The goal of this week's lab is to get yourself more familiar with `dplyr`, specifically `group_by()` and `summarize()`. Consequently, there is some overlap between this week's and last week's materials.

In [None]:
# Install nycflights13 package
install.packages('nycflights13')

Installing package into ‘/usr/local/lib/R/site-library’
(as ‘lib’ is unspecified)



In [None]:
# Load packages
library(tidyverse)
library(nycflights13)

## Lab 2 Review
- ggplot
    - Key Components:
      - Data
      - Aesthetic Mapping
      - Layer(s) of (geom)etric Objects
    - Plots Covered:
      - Scatterplot (geom_point)
      - Boxplot (geom_boxplot)
      - Barplot (geom_bar)
      - Histogram (geom_histogram)

- dplyr
    - Work Flow: Input Dataframe -> Operation -> New Output Dataframe
    - Core Functions:
      - Select
      - Filter
      - Arrange
      - Mutate
      - Summarise (equivalently, summarize)

## Grouping

Grouping is an incredibly important operation in data science.

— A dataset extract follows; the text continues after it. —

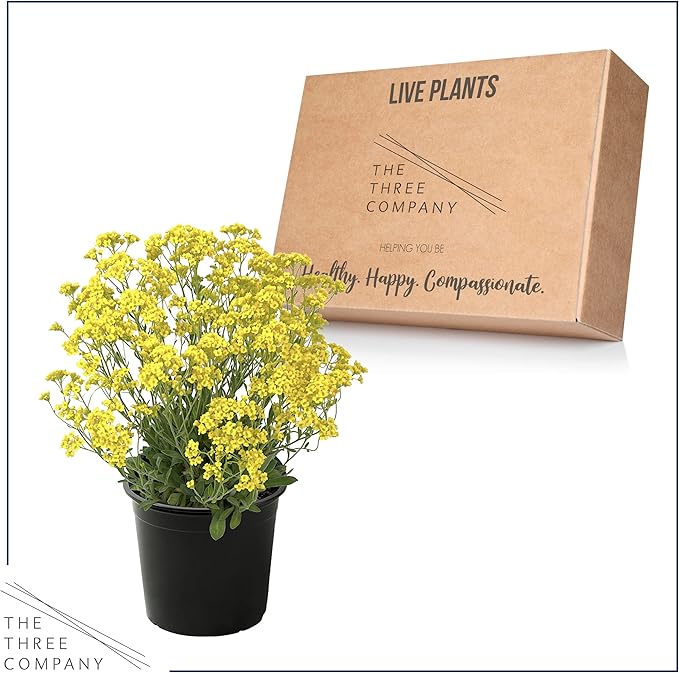 Live Flowering Alyssum - Yellow - Beautiful Mounding Perennial - 12" Tall by 6" Wide in 2.5 Qt Pot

When working with a data set, you may want to calculate a metric not for every row, but rather for every unique combination, or group, in the data set.

To give a concrete example, consider a subset of columns in the `nycflights13` data set shown below.

In [None]:
flights %>%
  select(year, month, day, dep_delay) %>%
  print()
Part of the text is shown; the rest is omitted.